Predicting non-response to ketamine for depression: An exploratory symptom-level analysis of real-world data among military veterans.

Journal: Psychiatry research

Volume: 335

Issue: 

Year of Publication: 

Affiliated Institutions:  Department of Mental Health, VA San Diego Medical Center, San Diego, CA , USA; Department of Psychiatry, UC San Diego, La Jolla, CA , USA. Department of Psychiatry, UC San Diego, La Jolla, CA , USA; Center of Excellence for Stress and Mental Health, VA San Diego Medical Center, USA. Department of Psychiatry, University of Toronto, Toronto, Canada; Department of Pharmacology, University of Toronto, Toronto, Canada; Brain and Cognition Discovery Foundation, Toronto, Canada. Department of Mental Health, VA San Diego Medical Center, San Diego, CA , USA; Department of Psychiatry, UC San Diego, La Jolla, CA , USA; Center of Excellence for Stress and Mental Health, VA San Diego Medical Center, USA. Electronic address: dramanathan@ucsd.edu.

Abstract summary 

Ketamine helps some patients with treatment resistant depression (TRD), but reliable methods for predicting which patients will, or will not, respond to treatment are lacking. Herein, we aim to inform prediction models of non-response to ketamine/esketamine in adults with TRD. This is a retrospective analysis of PHQ-9 item response data from 120 patients with TRD who received repeated doses of intravenous racemic ketamine or intranasal eskatamine in a real-world clinic.

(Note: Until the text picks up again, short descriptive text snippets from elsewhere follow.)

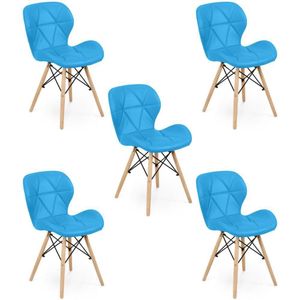 Kit 05 Cadeiras Charles Eames Eiffel Slim Wood Estofada - Azul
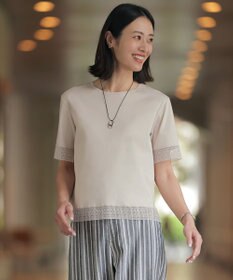 J.PRESS LADIES 【一枚で着映え】コットンスムース レース カットソー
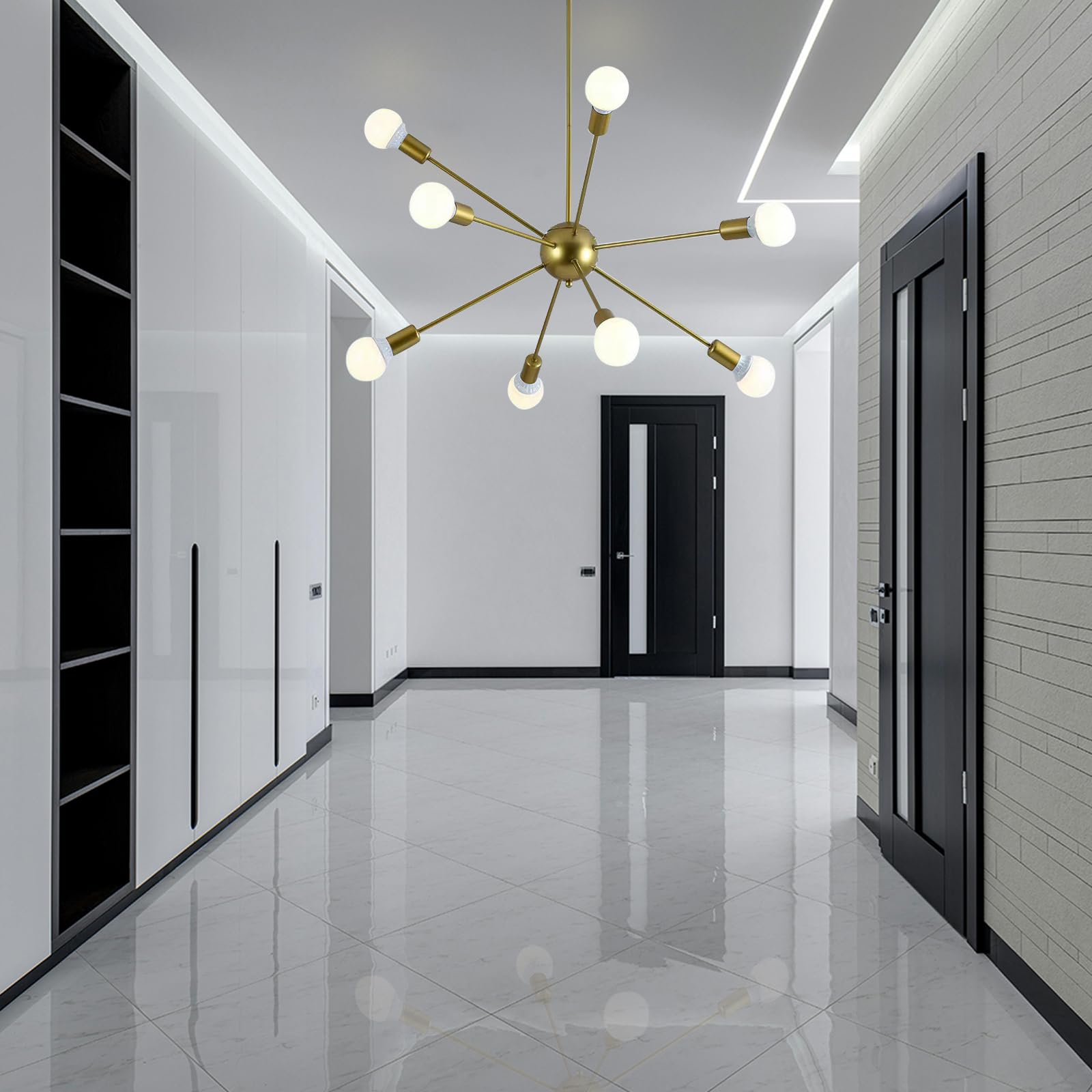 zhxinashu Lampadari Moderni, Plafoniera a 8 Luci, Plafoniera Oro, Lampadario Sputnik, Lampadario Industriale E27 per Soggiorno, Camera da Letto, Sala da Pranzo (Oro)
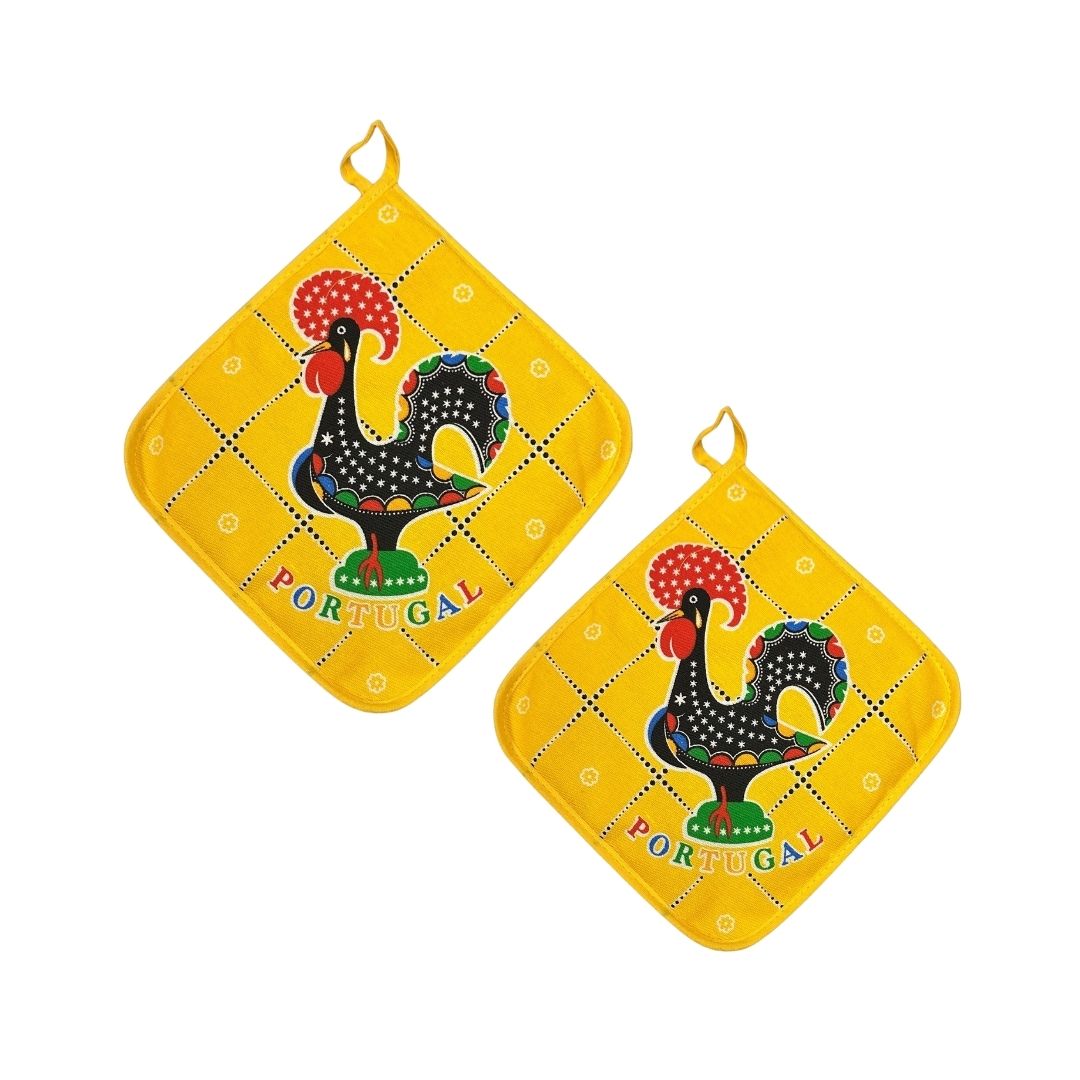 Set of 2 Happy Rooster Pot Holder 7.5"x7.5"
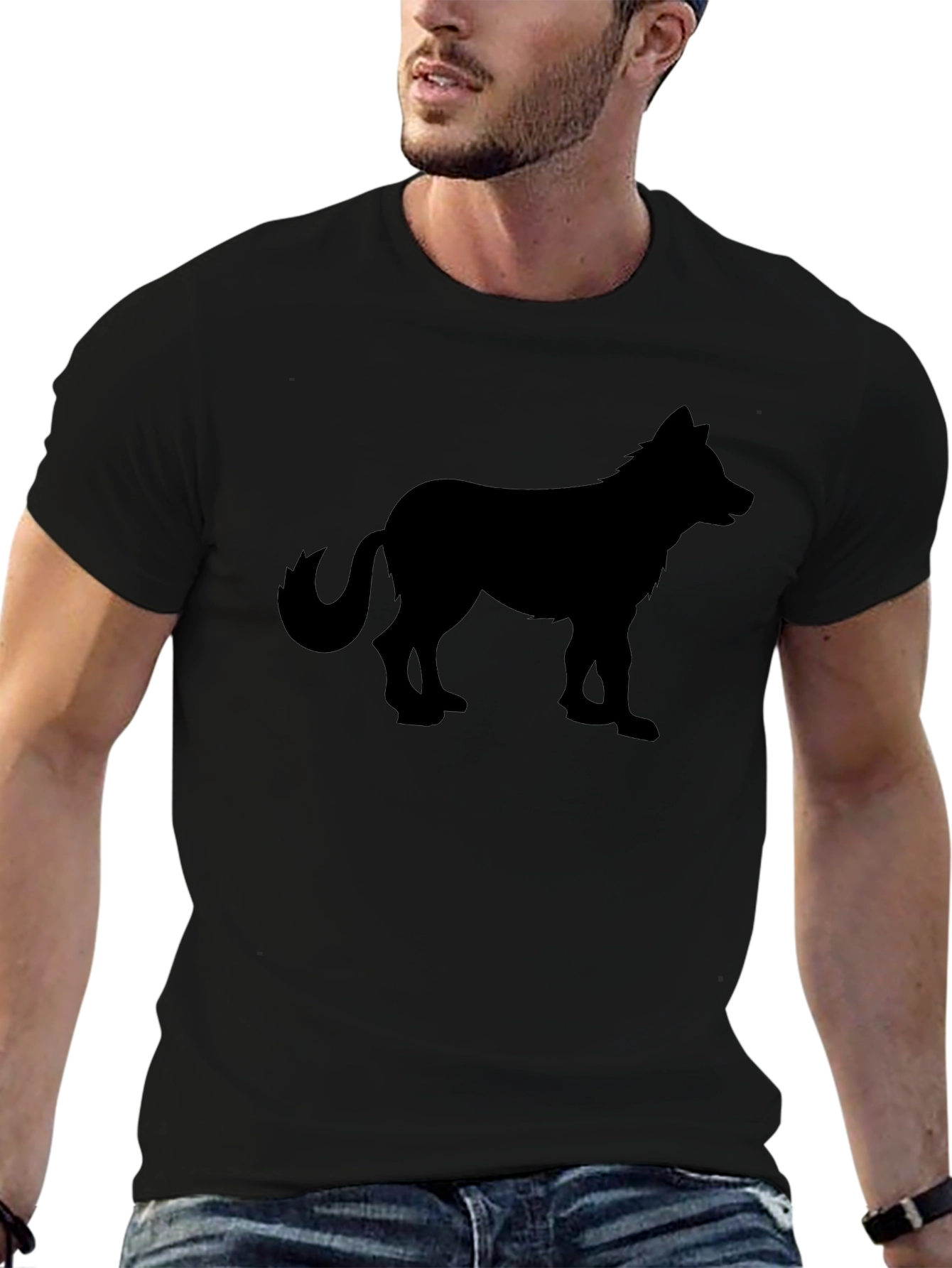 Black Wolf Silhouette Graphic T-Shirt
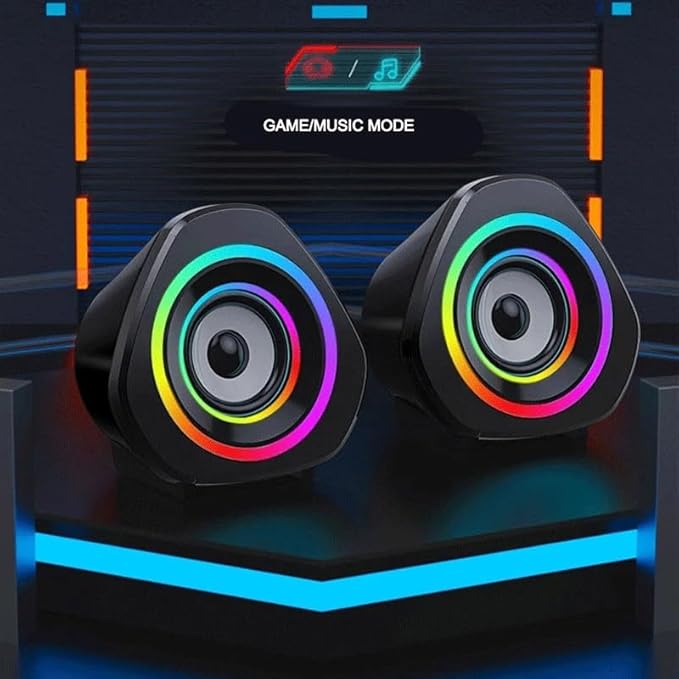JSEIAJB 5.0 Soundbox 2.0 Loudspeaker with RGB Colorful Breathing LED Light Computer Speakers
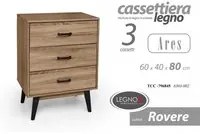 Cassettiera piccola como stile urban cm 60 x 40 x 80 h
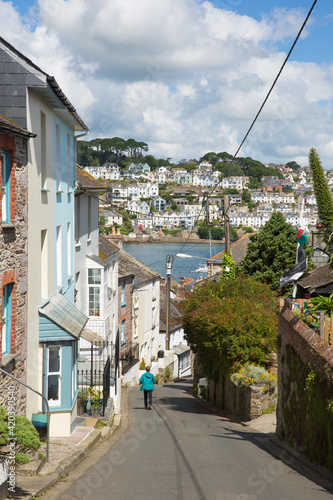 Polruan Cornwall Cornish street with houses with view to Fowey photo
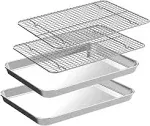 Half Sheet Pans with Rack Set [2 Pans + 2 Racks], CEKEE Stainless Half Size Large Baking Sheets with Rack -18 inch Baking Tray Set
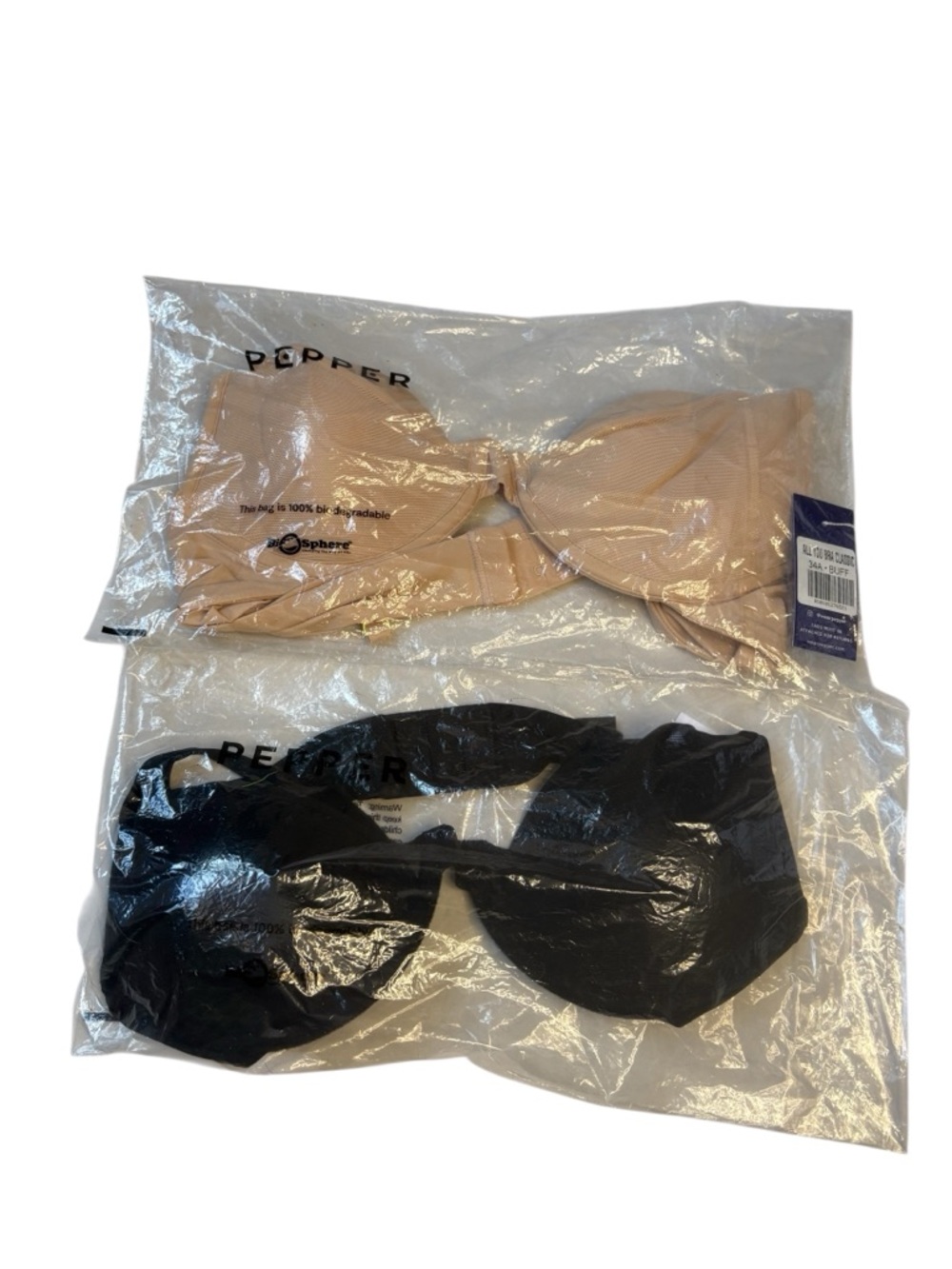 Pepper All You Bra Classic Bundle Black & Buff Small Bust Gap-Free Bra Set NWT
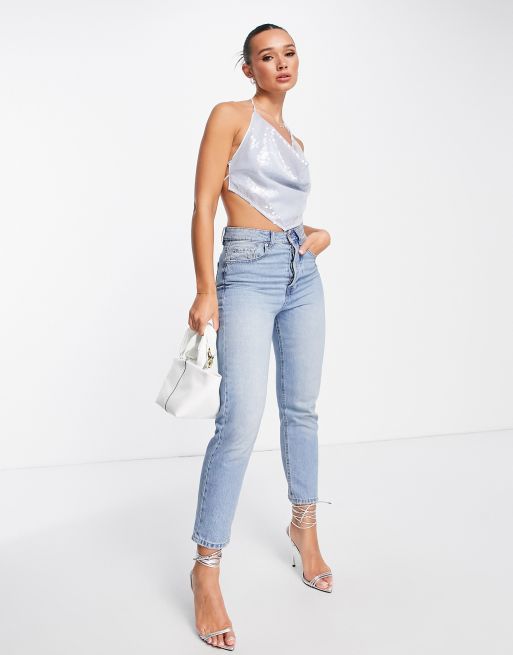 ASOS DESIGN festival cowl neck cami with tie back in blue ombre sequin , 4 of 4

Regression models were fit to patients' symptom trajectories, showing that all symptoms improved on average, but depressed mood improved relatively faster than low energy. Principal component analysis revealed a first principal component (PC) representing overall treatment response, and a second PC that reflects variance across affective versus somatic symptom subdomains. We then trained logistic regression classifiers to predict overall response (improvement on PC1) better than chance using patients' baseline symptoms alone. Finally, by parametrically adjusting the classifier decision thresholds, we identified optimal models for predicting non-response with a negative predictive value of over 96 %, while retaining a specificity of 22 %. Thus, we could identify 22 % of patients who would not respond based purely on their baseline symptoms. This approach could inform rational treatment recommendations to avoid additional treatment failures.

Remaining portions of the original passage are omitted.